Die Gründe dafür sind unterschiedlich. Frank Richter, der in Chemnitz mit DING ein deutsch-englisches Wörterbuch sowohl über das Web als auch für den lokalen Gebrauch anbietet, hat es auf seiner To Do-Liste stehen. Wolfram Schneider, der seinen Service über das Web anbietet, meint dagegen: "Eine Umstellung auf das dict-Protokoll würde den etwa 800 Benutzern und mir nichts bringen - außer viel Arbeit." Auch bei LEO.org wird an eine Umstellung nicht gedacht. Marc Sihling erzählt: "Bisher ist die Nachfrage nach einer Unterstützung dieses Protokolls sehr gering." Beim Internet Dictionary Project kamen seit 1995 unter Mithilfe von vielleicht 15-20000 Leuten, so schätzt Tyler Chambers, Initiator der Seiten, Übersetzungstabellen zu verschiedenen Sprachen zustande. Gehört hatte er von dem dict-Protokoll bislang jedoch nicht. So bleibt als einziger Heinrich Langos übrig, der in Dresden verschiedene Wortlisten, die allerdings noch der Überarbeitung bedürfen, im Dict-Format zusammengeführt hat.

Merkwürdigerweise handelt es sich bei den Bemühungen vorwiegend um vereinzelte Projekte. Eine offene Zusammenarbeit, wie sie im Bereich von Open Source demonstriert wird, findet nicht statt. Das ist um so erstaunlicher, als das Internet vorwiegend der Kommunikation dient, und das Reservoir derjenigen, die über ausreichende Sprachkenntnisse verfügen, deutlich größer ausfallen dürfte, als das der programmiertechnisch Versierten.

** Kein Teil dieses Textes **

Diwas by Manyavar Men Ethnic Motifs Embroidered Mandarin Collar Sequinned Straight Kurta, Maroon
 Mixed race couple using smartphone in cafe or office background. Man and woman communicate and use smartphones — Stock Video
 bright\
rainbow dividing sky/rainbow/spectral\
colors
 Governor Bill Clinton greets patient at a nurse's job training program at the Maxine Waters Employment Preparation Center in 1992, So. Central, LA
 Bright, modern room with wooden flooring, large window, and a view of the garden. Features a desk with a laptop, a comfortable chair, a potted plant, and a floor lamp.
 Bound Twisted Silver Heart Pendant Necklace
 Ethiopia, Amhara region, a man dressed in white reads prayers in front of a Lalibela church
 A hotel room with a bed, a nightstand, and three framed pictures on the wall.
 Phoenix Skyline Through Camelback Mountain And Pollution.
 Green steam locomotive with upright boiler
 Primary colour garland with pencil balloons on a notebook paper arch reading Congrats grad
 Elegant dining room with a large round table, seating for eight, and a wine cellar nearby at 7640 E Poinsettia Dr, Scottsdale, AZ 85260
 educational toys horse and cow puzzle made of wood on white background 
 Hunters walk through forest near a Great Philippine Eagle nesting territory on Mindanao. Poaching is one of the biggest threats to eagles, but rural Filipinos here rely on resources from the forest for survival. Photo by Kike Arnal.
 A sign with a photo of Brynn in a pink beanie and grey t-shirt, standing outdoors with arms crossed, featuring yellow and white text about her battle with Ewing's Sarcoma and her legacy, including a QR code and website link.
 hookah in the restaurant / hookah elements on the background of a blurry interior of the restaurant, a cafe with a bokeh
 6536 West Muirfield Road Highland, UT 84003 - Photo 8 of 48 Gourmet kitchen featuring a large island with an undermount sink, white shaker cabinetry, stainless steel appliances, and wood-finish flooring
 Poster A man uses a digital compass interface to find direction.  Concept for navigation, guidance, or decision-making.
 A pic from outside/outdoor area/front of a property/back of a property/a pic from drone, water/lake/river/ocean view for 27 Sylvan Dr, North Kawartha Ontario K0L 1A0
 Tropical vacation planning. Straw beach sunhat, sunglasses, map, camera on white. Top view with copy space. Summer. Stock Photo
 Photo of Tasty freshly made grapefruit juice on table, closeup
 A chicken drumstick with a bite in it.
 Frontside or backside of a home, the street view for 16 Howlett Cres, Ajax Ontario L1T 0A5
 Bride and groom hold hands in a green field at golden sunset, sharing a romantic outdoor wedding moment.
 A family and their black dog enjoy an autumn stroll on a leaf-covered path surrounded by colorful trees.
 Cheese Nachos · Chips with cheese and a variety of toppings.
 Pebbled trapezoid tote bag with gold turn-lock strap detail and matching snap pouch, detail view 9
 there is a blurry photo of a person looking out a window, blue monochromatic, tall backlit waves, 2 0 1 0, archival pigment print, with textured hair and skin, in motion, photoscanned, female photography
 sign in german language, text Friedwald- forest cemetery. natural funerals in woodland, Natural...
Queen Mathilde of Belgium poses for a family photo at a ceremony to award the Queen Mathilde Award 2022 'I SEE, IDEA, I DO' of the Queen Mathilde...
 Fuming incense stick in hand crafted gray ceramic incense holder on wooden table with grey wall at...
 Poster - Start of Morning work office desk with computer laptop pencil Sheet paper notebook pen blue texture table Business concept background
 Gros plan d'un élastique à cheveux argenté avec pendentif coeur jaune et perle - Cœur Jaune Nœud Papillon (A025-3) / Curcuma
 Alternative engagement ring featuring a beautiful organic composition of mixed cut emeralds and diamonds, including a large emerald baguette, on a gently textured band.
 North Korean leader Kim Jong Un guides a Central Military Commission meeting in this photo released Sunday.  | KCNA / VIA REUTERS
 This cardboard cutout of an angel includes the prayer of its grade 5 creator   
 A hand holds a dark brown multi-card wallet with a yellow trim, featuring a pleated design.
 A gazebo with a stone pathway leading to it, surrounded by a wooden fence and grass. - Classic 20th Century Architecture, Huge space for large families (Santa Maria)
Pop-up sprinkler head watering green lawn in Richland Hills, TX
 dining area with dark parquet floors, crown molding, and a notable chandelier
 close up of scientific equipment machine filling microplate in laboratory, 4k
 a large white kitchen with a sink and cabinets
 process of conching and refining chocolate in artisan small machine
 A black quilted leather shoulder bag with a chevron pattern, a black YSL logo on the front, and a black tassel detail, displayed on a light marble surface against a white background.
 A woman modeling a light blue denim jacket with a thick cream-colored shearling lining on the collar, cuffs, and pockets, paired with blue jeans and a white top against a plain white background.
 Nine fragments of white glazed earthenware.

Einen Service etwas anderer Art bietet seit Anfang des Jahres Horst Eyermann an. Er stellt gleich eine ganze Reihe von bilingualen Wörterbüchern für den lokalen Gebrauch mit dict zur Verfügung und arbeitet daran, das dict-Programm auch unter Windows zum Laufen zu bringen. Zu kämpfen hat er bislang mit einer eher geringen Beteiligung an dem Projekt, das er als Open Source verstanden wissen möchte.

Rik Faith ist skeptisch, was den Open Source-Ansatz im Bereich von Wörterbüchern angeht: "Wenn man ein Wochenende damit verbringt, einige tausend Zeilen Code zu schreiben, steht am Ende der Prototyp eines Programms, das tatsächlich etwas tut." Im Gegensatz dazu entstünden im gleichen Zeitraum 200-1000 Definitionen für ein Wörterbuch, die von anderen Beteiligten mühselig überprüft werden müssten. "Damit weckt die Arbeit an einem Wörterbuch zu wenig Enthusiasmus."

Wer weiß? Vielleicht reizt die simple Idee, verschiedene Quellen auf einen Schlag zu erschließen, ja doch zur Tätigkeit. Solange Faust heutzutage für die Übersetzung des "logos" den Umweg über das Englische nehmen müsste, besteht allemal Bedarf.

Für Übersetzungen vom Englischen ins Deutsche und zurück existieren bereits diverse Sammlungen. Sie sind, wie beschrieben, zum Teil auch schon für den Gebrauch mit dict aufbereitet. Vorher sollten diese Listen jedoch zusammengeführt und durchgesehen werden. Wer sich dabei engagieren möchte, schreibe bitte an diese dict@minerva.hanse.de.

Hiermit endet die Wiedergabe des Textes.